Seyss is here. Seyss is in Berlin.
He repeated the words over and over, as if until now he hadn’t quite believed his own suppositions. He crossed the S-Eahn tracks, and then a small bridge, slowing to read the street sign: Grossen Wannsee .
The single lane road wound right, then left, climbing and descending a series of rolling hills. Giant oaks lined the way, a centuries-old honor guard. Judge passed through their meandering shadows as if they were reminders of his own conscience. He’d had Seyss and let him escape. He wanted to believe he’d been frustrated by his adopted humanity, that his reflexes had been blunted by the certainty — or was it just a wish? — that reason must vanquish force. More likely, it was nerves. Either way, nine men and four women were dead as a result of a moment’s hesitation. And his brother’s killer left to run wild with no telling what devastation he might yet wreak.
Judge eased up on the throttle, stealing glances at the august homes lining the road. Number 16. Number 18. The bike sped round a corner and suddenly, he was there — 24. A blue and white plaque screwed onto a moss-drenched gatepost showed the numeral in a quaint curlicued script. A car was pulling out of the driveway, a sleek black roadster, and it braked as its front tires crept onto the main road. Judge caught only a glimpse of the driver. Khaki jacket, tanned face, dark hair.
Wearing the uniform of an officer in the United States Army was Erich Siegfried Seyss.

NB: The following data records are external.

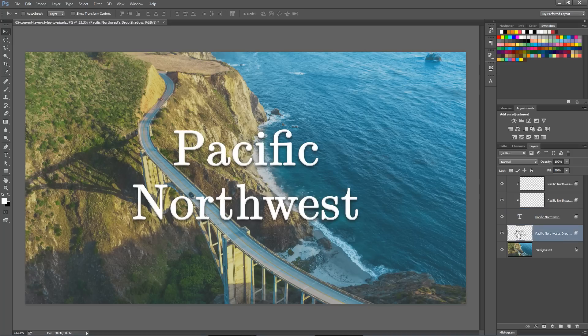So we could paint something onto this, we could add noise to this, we could scale it up or scale it down. We can do all kinds of things to change and adjust at this point. A very, very useful little trick if you need to do this with your layer styles. It's not going to be something you use all the time, but very, very useful for when you do need to do it.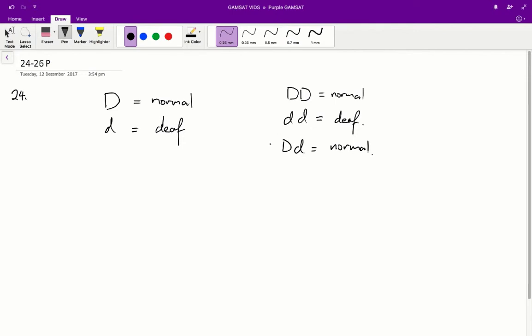The dominant allele always shows as the phenotype when there is a dominant and a recessive allele in the same genotype. What we've got here is a genotype-phenotype table. We're told certain phenotypes, matched up with certain genotypes, and we've got to figure out the relationship.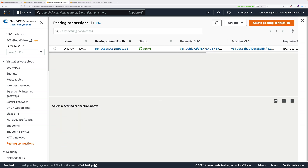That's the first part of this process completed. You now have the peering connection between the two VPCs, which creates a secure channel and a gateway object in both VPCs. The next step is to configure routing — we need to configure the VPC routers in each VPC to know how to send traffic to the other side of the VPC peer.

The lobby of the Bristol Hotel was an oasis of shade and calm. Ivory linoleum floor, black marble counters, and a ceiling fan spinning fast enough to rustle the leaves of the Egyptian palms that stood in every corner. Ingrid presented herself to the concierge and asked if any of the reporters covering the conference in Potsdam were guests of the hotel, and if so, where she might find them. The question was hardly a shot in the dark. Only two hotels were open for business in the American sector, the Bristol and the Excelsior. Judge had promised her the reporters would be at one of them. The concierge directed a hand toward the dining room. “ A few are presently lunching, Madam.”

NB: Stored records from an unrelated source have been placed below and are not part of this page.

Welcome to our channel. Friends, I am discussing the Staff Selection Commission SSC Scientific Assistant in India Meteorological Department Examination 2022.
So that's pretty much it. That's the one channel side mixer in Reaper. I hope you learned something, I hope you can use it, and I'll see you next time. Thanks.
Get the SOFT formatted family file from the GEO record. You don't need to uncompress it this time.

Ingrid thanked him and walked in the direction he had pointed. Instead of entering the dining room, however, she continued to the women’s loo. Her hair was mussed, her face sweaty, her shoes speckled with dust. Standing in front of the mirror, she tried to repair the damage, but her palsied hands only made it worse. Sit down, she ordered herself.Relax. She smiled, and the smile was like the first crack in a pane of glass. She could feel the fissure splintering inside of her, its veins shooting off in every direction. It was only a matter of time until she shattered.
The trip to the hotel had left her a wreck. She’d seen plenty of bombed-out houses, streets cratered from one end to the other, even entire city blocks razed to the ground. But nothing compared to the marsh of ruins through which she now walked. It was a bog of char and decay and rubble. Block after block blackened and leveled. Streets buckled open. Torn sewers spitting effluent. She’d felt as if she were descending into a nightmare one step at a time. And everywhere, people: old men hauling wheelbarrows loaded with wood and pipe; women carrying buckets of water; mothers pushing perambulators crammed with their worldly possessions, leading their children by the hand; other children — whole packs of them — wandering on their own. All of them gaunt, dirty and forlorn. A festival of the damned.